After a class trip to Holocaust sites in Germany and Poland in 2019, Preston said in an article published on the school website that she was determined to enter the police academy to help build trust between underrepresented communities and law enforcement.
“I know a big thing for our trip was finding voices for those who didn’t have a voice,” Preston said. “When I got back, I wanted to be an officer. I felt like I could be a person to fight for justice.”
At a news conference outside the hospital Saturday, a tearful Mayor Lori Lightfoot sent her condolences to the officer’s “shattered” family.
Interim Chicago police Supt. Eric Carter, Mayor Lori Lightfoot and police officials at a news conference Saturday after the fatal shooting of an off-duty police officer.
“When I got the call this morning, I wasn’t just a mayor. I was a mom,” Lightfoot said. “I’m thinking about what the parents of this young officer are going to be feeling today.”

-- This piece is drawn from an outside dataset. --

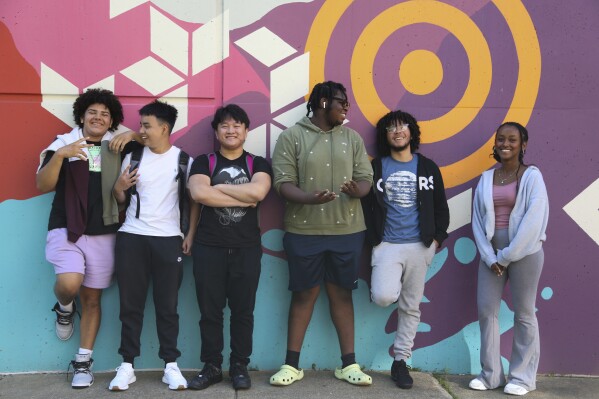 Bridge to Calculus summer program participants, from left, Steven Ramos, Kevin Dang, Kevin Tran, Peter St. Louis-Severe, Elian Martinez, and Wintana Tewolde pose for a photo on the campus of Northeastern University in Boston on Tuesday, Aug. 1, 2023. Some of the graduates of Bridge to Calculus end up enrolling at Northeastern and proceeding to its highly ranked computer science and engineering programs, which — like those at other U.S. universities — struggle to attract homegrown talent. (AP Photo/Reba Saldanha)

Interim police Supt. Eric Carter Carter’s daughter attended high school with Preston at UIC College Prep, and his wife coached their cheerleading team.
Carter asked for prayers for the officer, her family and “the men and women of the Chicago Police Department who sacrifice everything, including their lives.”
Mayor-elect Brandon Johnson called the shooting “a profound tragedy. My heart breaks for the family of the young officer who was murdered early this morning on her way home from work. I’m outraged and devastated by this horrific violence against a public servant, and I will do everything I can to support her family and the Chicago Police Department through this traumatic time. I pray that her killer is apprehended quickly so that justice may be served.”
Johnson said the overnight attack “underlines the fierce urgency of the public safety crisis in our city.”